“We’re going to be here an hour
or so.” He spit the words out quickly as if she held the advantage. That wouldn’t
do. He forced his voice under control. “If someone stops, no movement, no
noise. Same deal as last night, first they die, then you. Got it bitch?”
With the last word still echoing
off her steel confines, he slammed the cover before she could reply. As he
turned toward the driver’s side, she pounded on the lid and screamed, “Let me
out, Tony. Let me out, now!” Her muffled cry renewed his resolve. The mission
continued. Ma’s stint in Hell could end soon.
Tony and Hank didn’t seem to be
able to get enough cheap tobacco smoke in their lungs. Through the night an
endless stream of blue haze had poured from the front seat, and, as Hank slept
much of the night, most of it came from Tony. The only fresh air Rudy had taken
in over the last twelve hours had been while Tony slept in the backseat. So
after thirty minutes at the side of the road, Rudy’s head spun again from the
second-hand smoke.
“I’m going to stretch my legs.”
Rudy stepped out of the car and walked around to the rear. He leaned against
the trunk lid and folded his arms.
Natalie’s prison, only inches
away, felt to Rudy like the chasm between them expanded with each mile they
drove. She may as well have been on the far side of the galaxy for his ability
to reach her—to help her. It had started in innocence but it had turned tragic
in the warehouse. So rapt in the pleasure and the relationship he craved, he
hadn’t considered the consequences. Yet once she recognized him, the game
changed. Tony had been right last night, she would never be his. He knew if she
ever got out of the trunk, she would want to strike back and he would be the
most likely first target. Despite this, he needed to save her.

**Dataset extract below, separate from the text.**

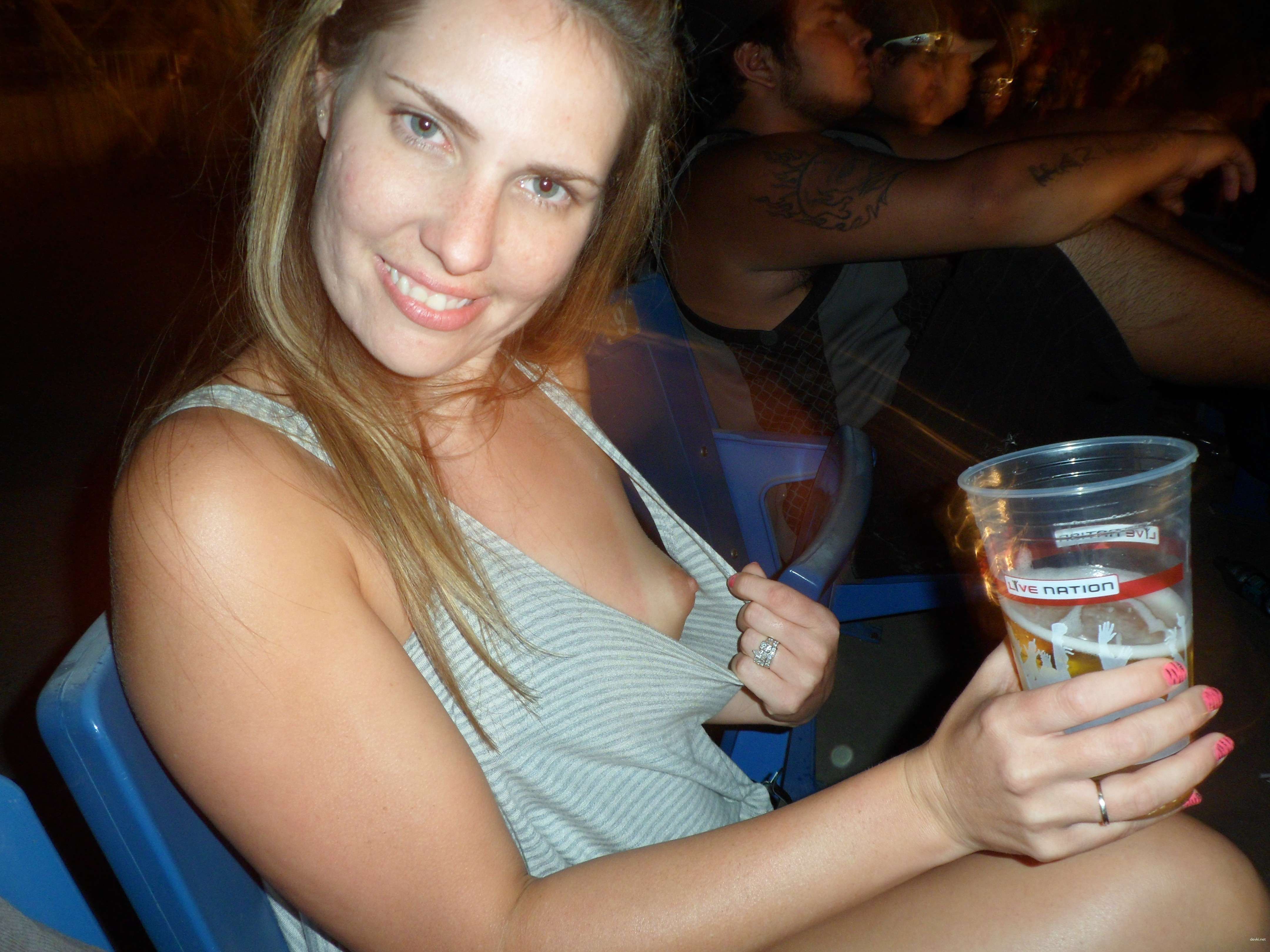 Public Flashing: Busty Girl Shows Off Her Assets in the City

They had waited by the roadside
for more than forty-five minutes. The steam from the engine had diminished to
wisps and the throbbing had stopped. Hank removed the ashtray from the
dashboard, rolled down his window and dumped the burnt remnants on the ground.
Tony had kept a drowsy eye in
the rearview mirror, and now movement caught his full attention. Rudy stood
from where he had been leaning against the back of the Impala. He seemed
focused on something behind them on the highway. Tony shifted his eyes to the
door mirror, and took a sudden yet silent gasp. The flashing lights of an
approaching California Highway Patrol car filled the view.
“Here we go!” he said.
“What’s up?” Hank asked.
“We’ve got a pig coming up
behind us. Stay here and keep your head.”
Tony tucked the pistol into the
waistband at the small of his back and opened the driver’s door. As he stepped
out, he made sure his jacket covered the piece. He walked toward the rear of
the car where Rudy stood and said with an even tone, “I’ll handle this like I
said, Rudy. Keep your damn mouth shut and she lives to take another breath.”
While the black and white
cruiser came to a stop behind the Chevy, Tony felt Rudy’s hot glare on his
face, but he focused on the officer through the windshield. He held Tony’s eyes
while he lifted a radio microphone to his mouth. Even though Tony believed he
could control the situation he scrapped his feet on the pavement, and crossed
and uncrossed his arms several times while he waited for the officer to step
from his vehicle. The pig probably stopped only to see if he could help, but
after Maggie’s voicemail, Tony was anxious that somehow the police were already
looking for him, and with Natalie’s apparent resolve, she was an unknown
liability. The likelihood escalated that a standoff right here on the side of a
major highway loomed. Minutes before, he thought his mission a lock, now it was
in peril of abject failure.
When finally the door opened and
the officer stepped onto the pavement, Tony felt the troubled storm momentarily
recede. Rather than take cover behind the driver’s door with his weapon drawn,
he donned a light tan smoky-the-bear hat and smiled.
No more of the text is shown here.